Big companies have been buying a lot of clean energy lately – 3.5 gigawatts of renewable capacity last year alone (a good chunk of all the capacity added*). These leaders, mostly consumer-facing brands like Google, Apple, Microsoft, Walmart, and IKEA, have been covering their roofs and filling giant fields with solar panels and wind turbines. To do this, they have mostly used power purchasing agreements (PPAs) to buy their clean power. Under this financing structure, the company contracts to buy kilowatts, not the turbines and panels. They put up almost no capital and usually lower their day-to-day energy costs.

It sounds like an easy win-win, but industrial companies have had a harder time making it all work for two key reasons: costs and accounting. First, due in large part to the scale and consistency of their energy purchasing, industrials already pay the lowest rates for power. Second, signing long-term power agreements for 15 to 20 years is hard for any company to swallow, and they often struggle with how to handle the accounting (is the contract a lease? Is it a liability, an asset, or something else?). This hurdle seems especially hard for old-school, more fiscally conservative entities.

So the PPA terms that retailers and tech companies sign have not worked for the heavy guys.

Until now.

Manufacturers like Dow and Owens Corning are showing it can work for industrials as well. Both have recently contracted to buy the power from multiple 100-plus megawatt wind farms. I spoke with Owens Corning execs, catching up after working with them a number of years ago, to understand how they did it. Frank O’Brien-Bernini, the company’s Vice President and Chief Sustainability Officer, laid out the strategy he and his team used to get over the hurdles, which boils down to five key actions:

Research how others do it. They held about 40 meetings with companies that had bought renewable energy and with big project developers. Then, after their own renewables purchases, they’ve “paid it forward” and talked with other industrials.

Get early buy-in. They had framing conversations with the CEO and CFO early on to discuss any financial or operational challenges. As renewables costs have dropped, the first hurdle on cost has gotten easier, but not gone away entirely, and the accounting issues remain.

Use cross-functional teams. You need legal, accounting, procurement, energy, and sustainability involved. As O’Brien-Bernini put it, the months they spent getting the deals through their process were “faster than any company the energy suppliers had seen…but it didn’t feel fast!” His experience gibes with the findings of a new survey that PwC conducted on corporate renewable buying. Well over half the respondents reported that three or more corporate functions were “key decision makers.”

Find the right locations for the business. The company started with smaller PV systems at two Owens Corning facilities: an insulation plant and an office parking lot in Ohio. These impressed employees. Then they made the bigger moves to reduce their GHG and energy footprint. The company contracted for the power output from two new 125-megawatt wind farms in Texas and Oklahoma. As with most PPAs, the contract was a critical asset for the energy developer to take, literally, to the bank to get financings.

For Owens Corning, the locations matter.

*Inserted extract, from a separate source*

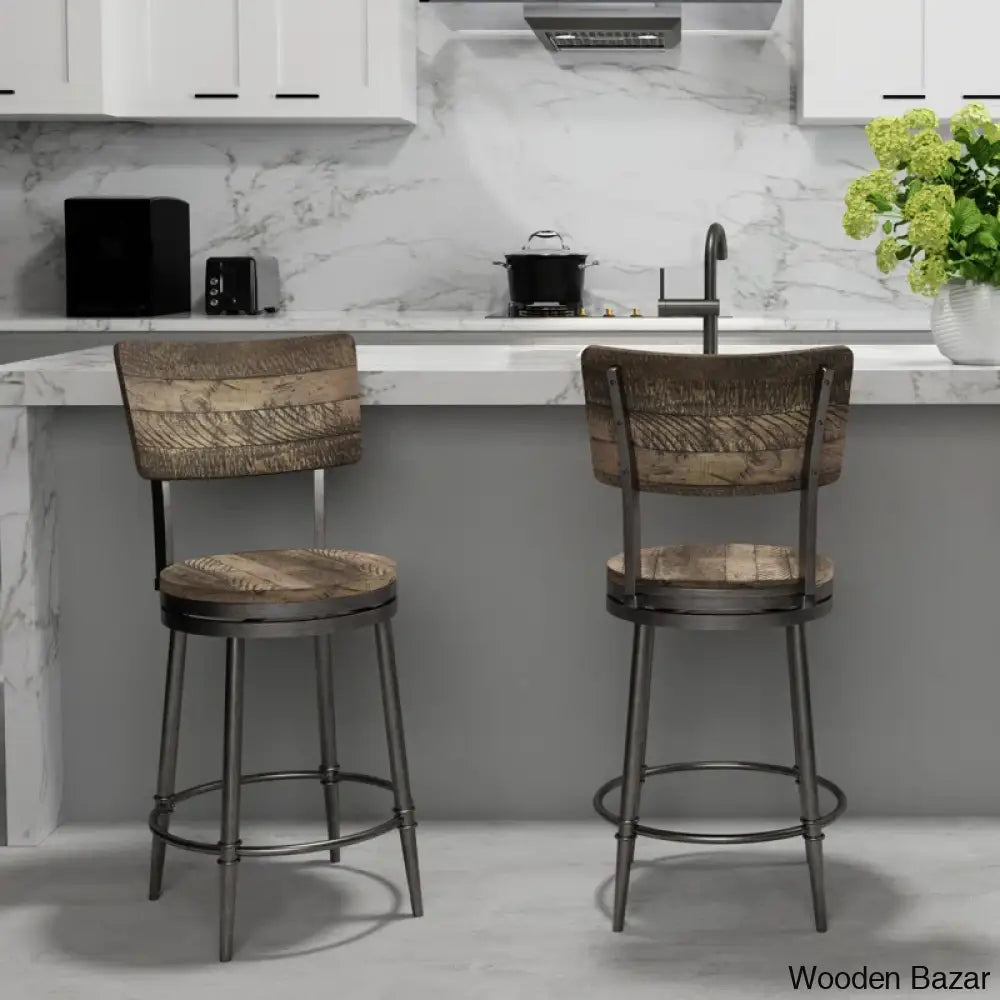 Birdsallo Swivel Counter And Bar Stool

The Texas site alone produces more energy than what Owens Corning uses across its significant Texas operations. This allowed the company to claim carbon-neutral status for Texas-made products, a nice and strategic marketing win.

Seek advice on the accounting. While PPAs are the dominant model for financing corporate renewables, signing 15- or 20-year agreements can be tricky. So they got third-party advice from PwC about how to treat the purchases and commitments on their financial statements.

In total, getting these renewables deals done takes some work. It requires some solid research on deal structures and locations; organizational navigation to get everyone on board; and savvy accounting. But it’s all worth it. Almost every company that I talk to, regardless of sector, is finding deals at or below their current energy prices. Owens Corning won’t actually reveal the exact energy prices they’re paying. But O’Brien-Bernini implies strongly that it’s a good deal, saying, “This is adding value to our company.”

Execs at industrial companies often believe that they can’t find renewables cheaper than their rock-bottom power rates. They’re wrong — and they’re losing money because of it.

*The estimates on how much capacity was added to the U.S. grid vary, depending on what you’re counting (and who’s counting) from 14.5GW to 19.5GW or more. All sources seem to agree that renewables were two-thirds or more of the total.